手がかりをつなぎ合わせる作業が妙に楽しくなる時がある。そういう気分で書くと、'
ドレッドノート'の謎は多層的で、まるでパズルのピースが時間差で噛み合っていくように感じられる。
まず、コミュニティ内でよく見かける解釈を三つに分けてみる。ひとつ目は文字どおりの「隠されたプロット要素」派で、作者が物語の鍵として意図的に散りばめた暗号や伏線が、後の展開やサイドストーリーにつながると考える人たちだ。証拠としては、反復する記号、地図の断片、台詞の微妙な言い回しが挙げられる。ふたつ目は「象徴的・テーマ的」派。ここではノートそのものが権力や記憶、喪失といった大きなテーマの象徴だと読み替えられ、事件や登場人物の行動は個人的・社会的な寓話として解釈される。三つ目はもっと遊び心のある見方で、制作者のメタ的な仕掛け、つまり読者を巻き込むための『謎としての謎』と捉えるものだ。
私が注目しているのは、こうした解釈が相互に影響し合っている点だ。誰かが「この数字は暗号だ」と突き止めれば、別の誰かがその暗号をテーマ読みの材料にして新しい説を作る。
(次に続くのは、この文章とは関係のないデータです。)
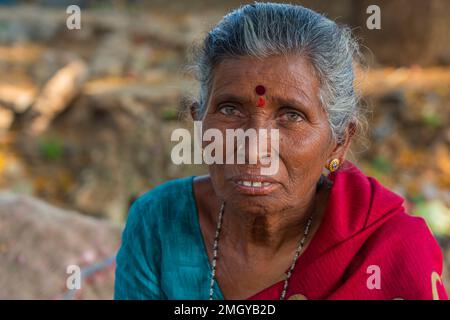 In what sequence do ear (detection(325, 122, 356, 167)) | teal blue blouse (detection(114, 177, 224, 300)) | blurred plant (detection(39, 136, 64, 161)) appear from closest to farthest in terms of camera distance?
ear (detection(325, 122, 356, 167)), teal blue blouse (detection(114, 177, 224, 300)), blurred plant (detection(39, 136, 64, 161))

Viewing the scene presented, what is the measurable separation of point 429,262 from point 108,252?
223 cm

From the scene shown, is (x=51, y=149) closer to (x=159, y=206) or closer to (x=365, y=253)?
(x=159, y=206)

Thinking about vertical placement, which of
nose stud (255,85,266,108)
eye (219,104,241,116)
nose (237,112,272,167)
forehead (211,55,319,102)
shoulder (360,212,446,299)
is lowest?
shoulder (360,212,446,299)

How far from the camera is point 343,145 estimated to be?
7.64ft

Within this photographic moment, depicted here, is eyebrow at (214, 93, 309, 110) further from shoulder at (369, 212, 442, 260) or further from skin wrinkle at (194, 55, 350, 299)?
shoulder at (369, 212, 442, 260)

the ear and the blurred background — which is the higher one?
the blurred background

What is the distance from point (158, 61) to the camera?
9.48 m

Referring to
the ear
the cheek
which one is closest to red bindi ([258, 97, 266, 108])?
the cheek

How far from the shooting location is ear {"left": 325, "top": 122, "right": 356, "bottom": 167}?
2.29 metres

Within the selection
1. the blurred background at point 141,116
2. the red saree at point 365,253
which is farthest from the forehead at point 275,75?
the blurred background at point 141,116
そのプロセスがまた新たな検証材料を生み出し、コミュニティ全体で意味が発酵していく。個人的には、'ドレッドノート'の謎は完全に解かれるためのものではなく、解かれることで作品の奥行きが増すタイプの仕掛けだと感じる。だから、どの解釈が“正しい”かを巡る論争自体が、この作品の楽しみ方の一部になっている。
過去作の類例を引けば、冒険譚に隠された象徴を巡る議論は決して目新しくない。けれども、ここでは現代的な情報共有と解析ツールが加わるぶん、解釈の速さも複雑さも格段に違う。だからこそ、私はある程度の混沌を肯定する。結論めいたことを言えば、謎は読者の参加を促す装置であり、その多様な読みが作品を長く生かしている――そう思っている。